===== Supplied material
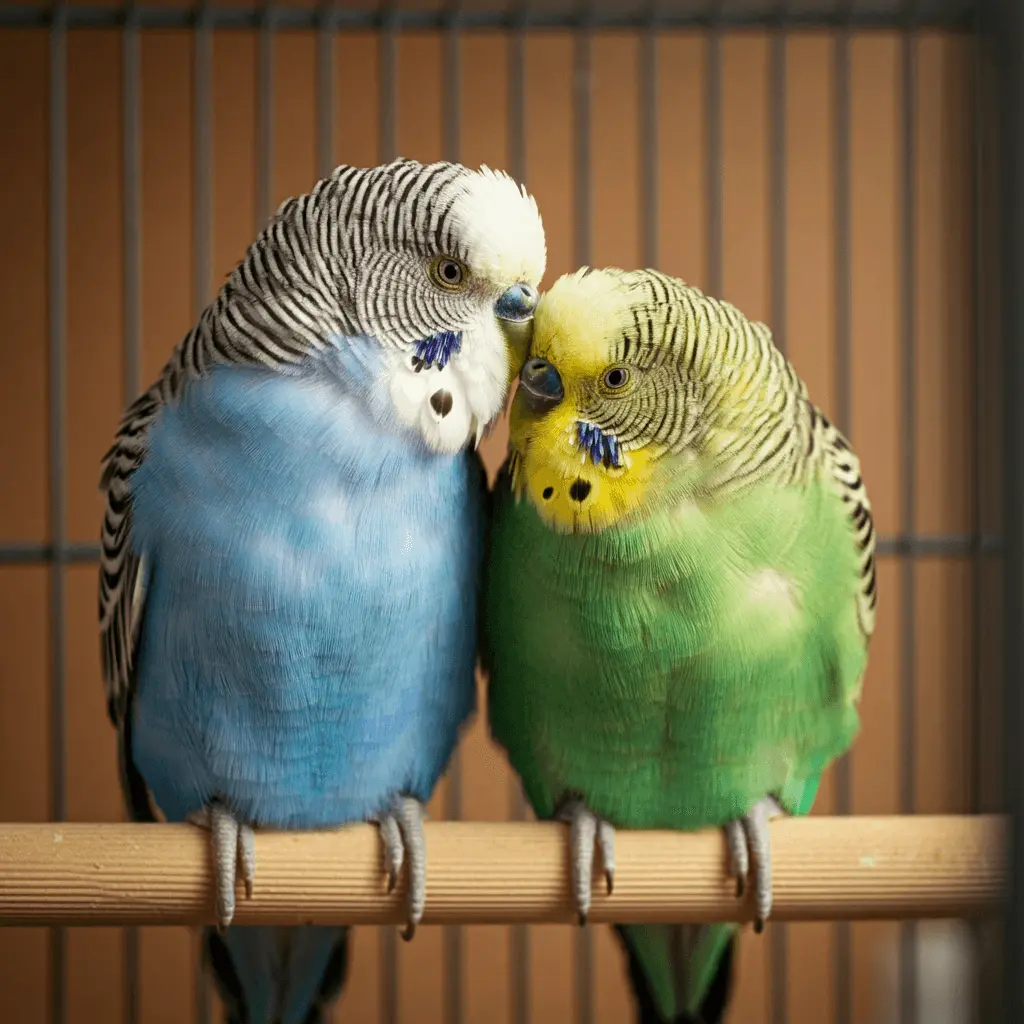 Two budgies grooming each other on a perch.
==========
===== Supplied material
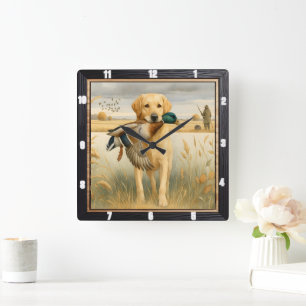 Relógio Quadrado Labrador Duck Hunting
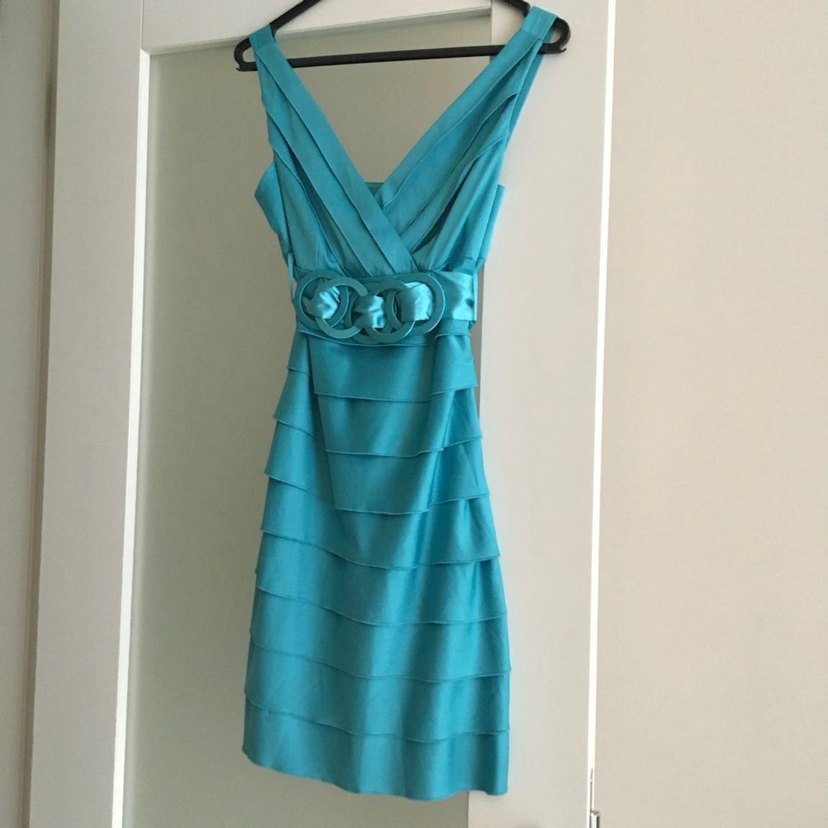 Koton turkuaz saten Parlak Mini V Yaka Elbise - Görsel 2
==========
===== Supplied material
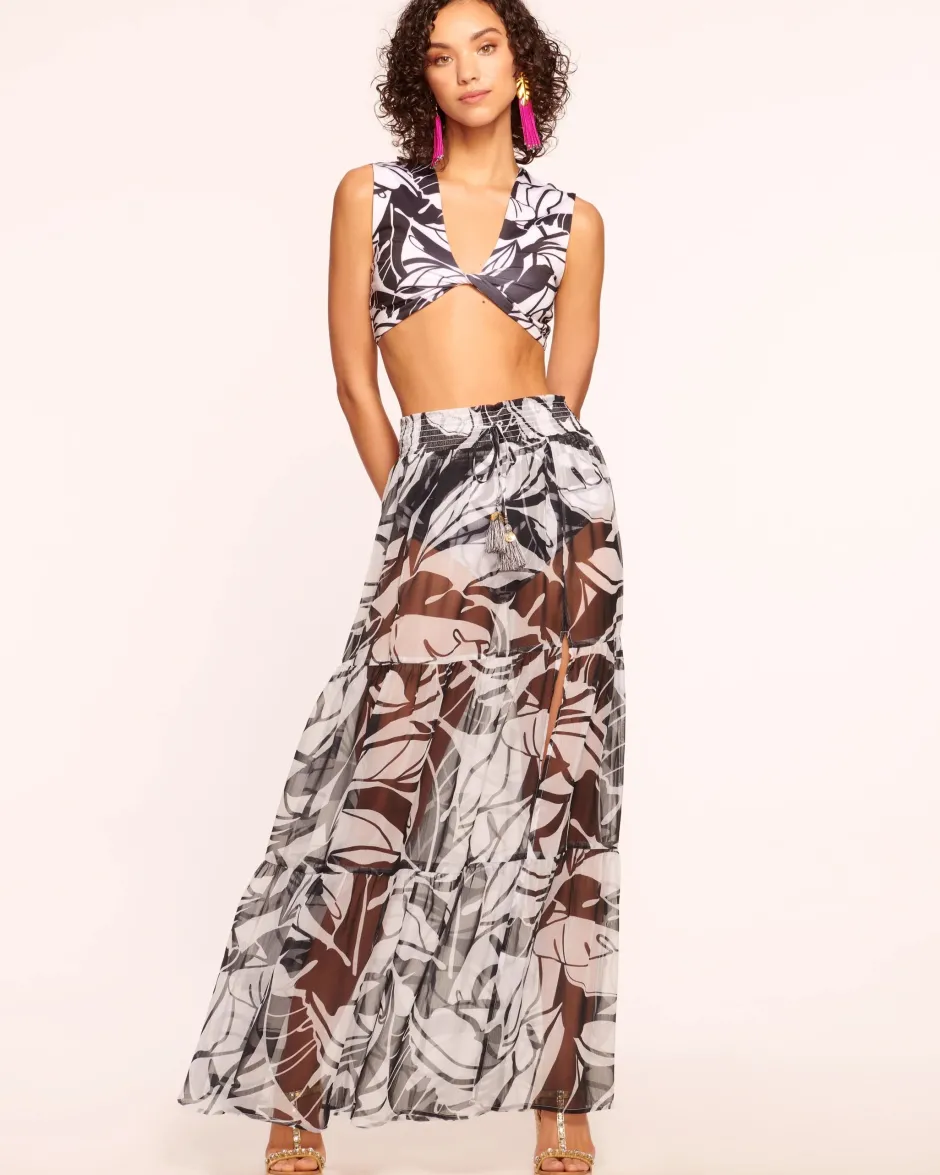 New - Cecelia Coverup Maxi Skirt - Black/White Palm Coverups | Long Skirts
==========
■ What you should do: When copying from the data above, begin at the line containing "Relógio Quadrado Labrador Duck Hunting" and end at the line containing "Koton turkuaz saten"; return those lines exactly and leave all pictures behind.

■ Task solution:
 Relógio Quadrado Labrador Duck Hunting
 Koton turkuaz saten Parlak Mini V Yaka Elbise - Görsel 2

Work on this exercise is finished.